Il flauto e il tappeto, pubblicato da Rusconi nel 1971, costituisce il terzo e ultimo libro pubblicato in vita. Rilegato, faceva parte della collana «Cultura nuova» e presentava in sovraccoperta un particolare dal Polittico Portinari di Hugo van der Goes, riproducente l’immagine severa della donatrice Maria Portinari in preghiera, ripresa anche nella copertina degli Imperdonabili. Stavolta non si tratta di un’esile plaquette, in quanto le pagine sono 196; il formato del libro è in-8°. Cristina De Stefano, nella sua biografia Belinda e il mostro, precisa: «Artefice della pubblicazione del Flauto e il tappeto è Alfredo Cattabiani, direttore editoriale della Rusconi. Formatosi nella cerchia torinese del filosofo Augusto Del Noce, laureatosi con una tesi su Joseph de Maistre, dal 1966 al 1969 ha diretto la casa editrice Borla, di ispirazione cattolica. Quando ha chiesto a Del Noce di seguirne una collana, il filosofo ha accettato, ma a patto di avere al suo fianco Elémire Zolla. Cattabiani comincia così a frequentare la casa sull’Aventino, dove incontra Cristina Campo, convincendosi subito del suo talento. “È stata forse la più grande prosatrice italiana di questo mezzo secolo” ricorda oggi. “Del suo libro vendemmo poche copie, e non ottenemmo nessuna recensione perché l’autrice era giudicata reazionaria”».

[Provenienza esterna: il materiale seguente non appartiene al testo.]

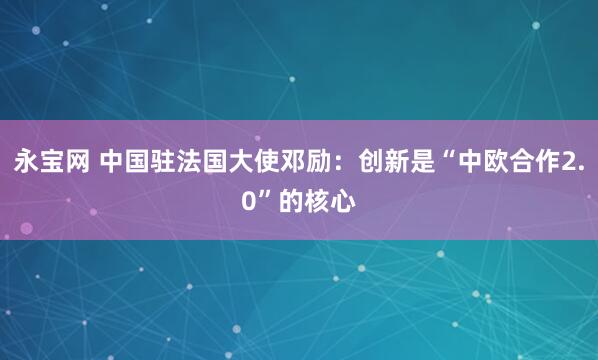 永宝网 中国驻法国大使邓励：创新是“中欧合作2.0”的核心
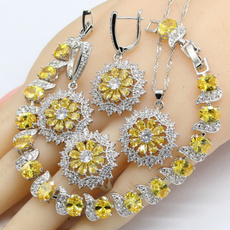 Cubic Zirconia, weddingcrystalring, Yellow, Earring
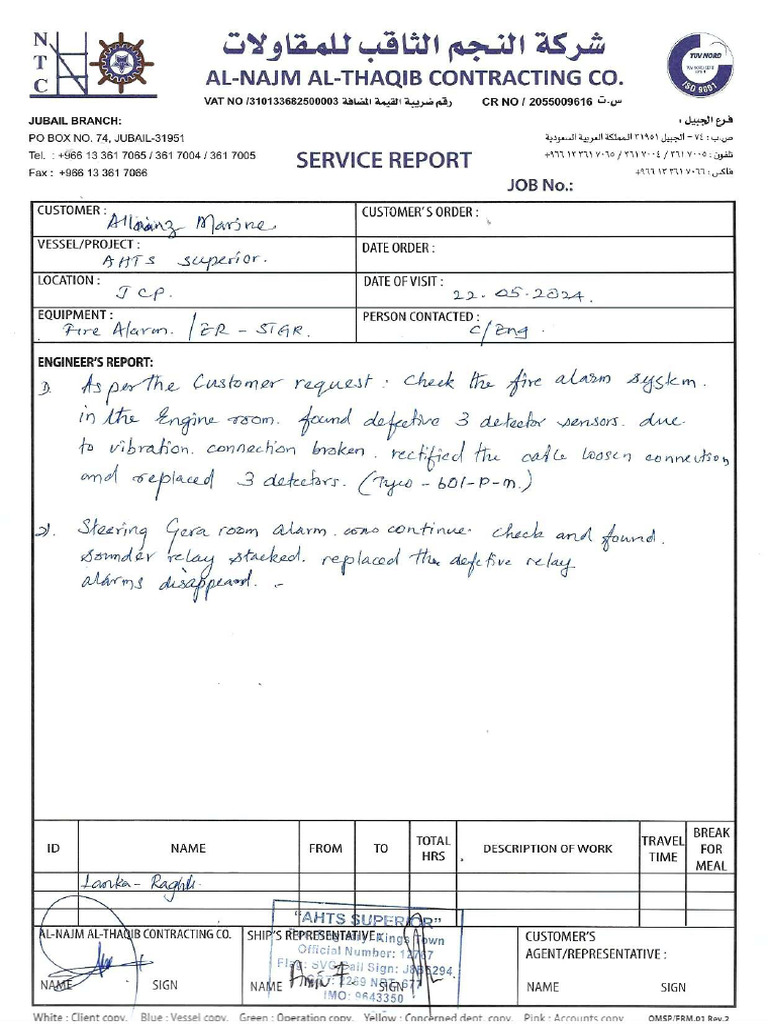 Service Report Fire Alarm | PDF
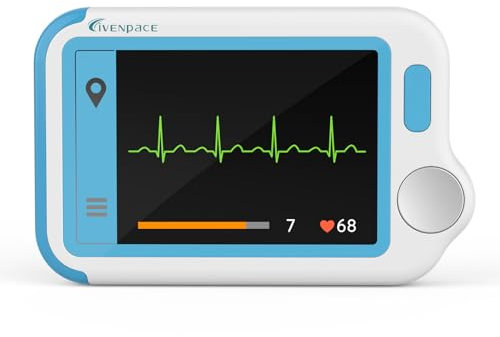 Livenpace Monitor de salud cardíaca en el hogar, dispositivo portátil de frecuencia cardíaca con almohadillas de electrodos, máquina independiente compatible con smartphone y PC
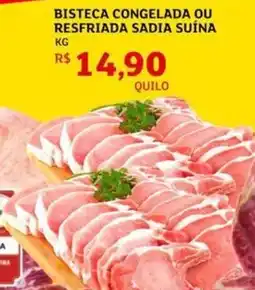 Assaí Atacadista Bisteca congelada ou resfriada sadia suína oferta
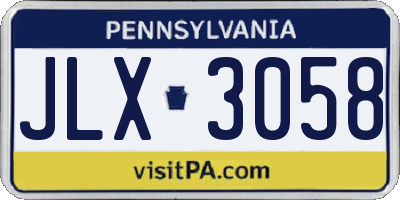 PA license plate JLX3058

Si tratta di una raccolta di saggi (alcuni di questi ripresi dal volumetto precedente) in cui l’autrice disquisisce intorno agli argomenti più disparati creando insospettabili accostamenti. Il punto di partenza collima il punto di arrivo solo grazie a un procedimento narrativo che persegue tale obiettivo attraverso una sequenza di corrispondenze di ardua decifrazione agli occhi del profano. Il cerchio si chiude in maniera affascinante ed enigmatica, dopo un continuo peregrinare intorno ai simboli della redenzione e della perdizione. Dall’intreccio di un tappeto persiano a una «frase glaciale» di Proust, dalle considerazioni sul tema della «sprezzatura» alle suggestioni del rito gregoriano, la prosa si configura alla stregua di un emblema araldico miracolosamente scampato alla distruzione e alla rovina. Come Borges, la Campo si interroga a lungo sui propri ideali e modelli letterari, stabilendo un’opera di interpretazione quanto mai preziosa, anche se dai tratti anomali.

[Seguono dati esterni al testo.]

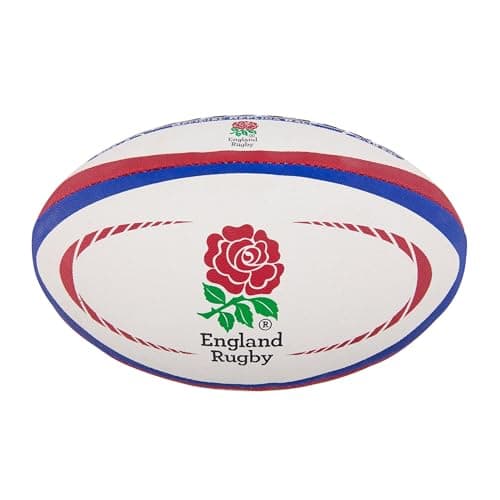 Image of Gilbert England Rugby Replica Ball - White/Red, Size 5
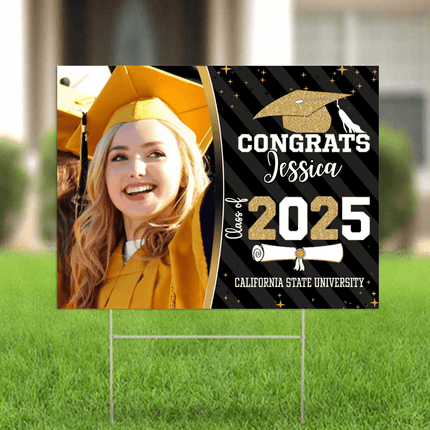 Congrats Class of 2026 Custom Image Yard Sign - Graduation Day, Senior Gift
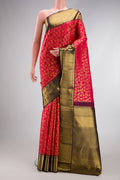 Dark Pink Dual Tone Kanchipuram Silk Saree with Zari Brocade on the body and Zari Border.  displayed on a mannequin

Dopo la morte le prose della Campo, che si possono considerare come il punto più alto della sua opera, furono riproposte e integrate in due volumi adelphiani, usciti rispettivamente nel 1987 e nel 1998, Gli imperdonabili e Sotto falso nome, cui ne seguiranno altri. Da segnalare un rarissimo estratto dal n. 150 della rivista «Paragone», edita nel giugno 1962 da Rizzoli, contenente In medio coeli, poi confluito in Fiaba e mistero e Il flauto e il tappeto.